The DNN architecture is designed to learn the complex relationships between input features and the corresponding SPP/SDM values, facilitating accurate prediction and effective speech enhancement. Other types of DNNs may be used instead of or in combination with the illustrated RNN. Other machine learning models that may be embodied as DNNs include transformer networks, convolutional neural networks (CNNs), and encoder-decoder structures. A transformer network is also useful for temporally changing data, as it can be used to predict a state or outcome of sequence-to-sequence tasks while handling long-range dependencies. An encoder-decoder neural network uses an encoder to convert an input to a latent space representation, which can then be decoded to reconstruct the latent space representation into an analogous form. A CNN applies convolutions using a filter/kernel over a time varying signal, which can identify temporal patterns in a signal. The DNN may include a combination of different types of deep learning models (e.g., CNN and RNN).

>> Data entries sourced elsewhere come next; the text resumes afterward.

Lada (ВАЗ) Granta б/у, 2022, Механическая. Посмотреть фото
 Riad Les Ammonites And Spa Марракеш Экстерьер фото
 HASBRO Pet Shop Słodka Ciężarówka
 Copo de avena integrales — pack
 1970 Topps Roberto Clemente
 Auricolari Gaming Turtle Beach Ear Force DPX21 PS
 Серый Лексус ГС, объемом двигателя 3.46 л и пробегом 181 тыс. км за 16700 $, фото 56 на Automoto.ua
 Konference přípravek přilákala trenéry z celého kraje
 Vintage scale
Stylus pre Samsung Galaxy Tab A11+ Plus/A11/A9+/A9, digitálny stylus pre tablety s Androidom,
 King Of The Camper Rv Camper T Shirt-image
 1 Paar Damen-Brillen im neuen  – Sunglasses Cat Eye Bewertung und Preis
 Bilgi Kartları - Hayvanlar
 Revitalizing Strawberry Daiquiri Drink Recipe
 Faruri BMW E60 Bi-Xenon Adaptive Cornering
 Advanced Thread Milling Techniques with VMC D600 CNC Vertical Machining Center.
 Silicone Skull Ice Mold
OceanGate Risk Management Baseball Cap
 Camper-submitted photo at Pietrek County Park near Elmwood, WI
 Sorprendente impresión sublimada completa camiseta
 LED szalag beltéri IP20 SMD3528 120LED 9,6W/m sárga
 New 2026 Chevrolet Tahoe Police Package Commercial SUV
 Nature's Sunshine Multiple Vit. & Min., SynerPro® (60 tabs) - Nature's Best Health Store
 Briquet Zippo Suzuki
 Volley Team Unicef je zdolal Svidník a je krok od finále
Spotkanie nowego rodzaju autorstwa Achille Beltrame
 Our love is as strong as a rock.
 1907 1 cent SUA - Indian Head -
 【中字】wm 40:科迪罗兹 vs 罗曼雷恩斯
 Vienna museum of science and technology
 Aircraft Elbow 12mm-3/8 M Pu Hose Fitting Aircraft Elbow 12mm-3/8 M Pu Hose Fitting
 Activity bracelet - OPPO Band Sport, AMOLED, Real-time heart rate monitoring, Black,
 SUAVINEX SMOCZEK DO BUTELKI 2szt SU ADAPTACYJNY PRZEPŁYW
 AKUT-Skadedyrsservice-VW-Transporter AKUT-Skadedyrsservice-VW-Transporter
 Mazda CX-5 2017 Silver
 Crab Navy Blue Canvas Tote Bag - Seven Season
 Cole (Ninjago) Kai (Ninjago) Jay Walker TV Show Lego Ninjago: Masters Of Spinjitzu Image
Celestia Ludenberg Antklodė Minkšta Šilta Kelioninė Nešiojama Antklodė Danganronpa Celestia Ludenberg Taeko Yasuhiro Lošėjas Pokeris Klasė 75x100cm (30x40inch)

In FIG. 7, a flowchart illustrates a method according to an example embodiment that may be processor-implemented in an ear-wearable device. The method involves receiving 700 an audio signal from at least one microphone of the ear-wearable device. The audio signal is input 701 to a deep neural network (DNN) that is trained to distinguish between speech and noise in the audio signal. A speech presence probability (SPP) metric is determined 702 based on the output of the DNN. The output of the DNN may include the SPP and/or a SDM, and SPP may be determined indirectly from the SDM. An aggressiveness of noise reduction applied to the audio signal is changed 703 based on a value of the SPP. The noise-reduced audio signal is reproduced 704 via a receiver within an ear of a user.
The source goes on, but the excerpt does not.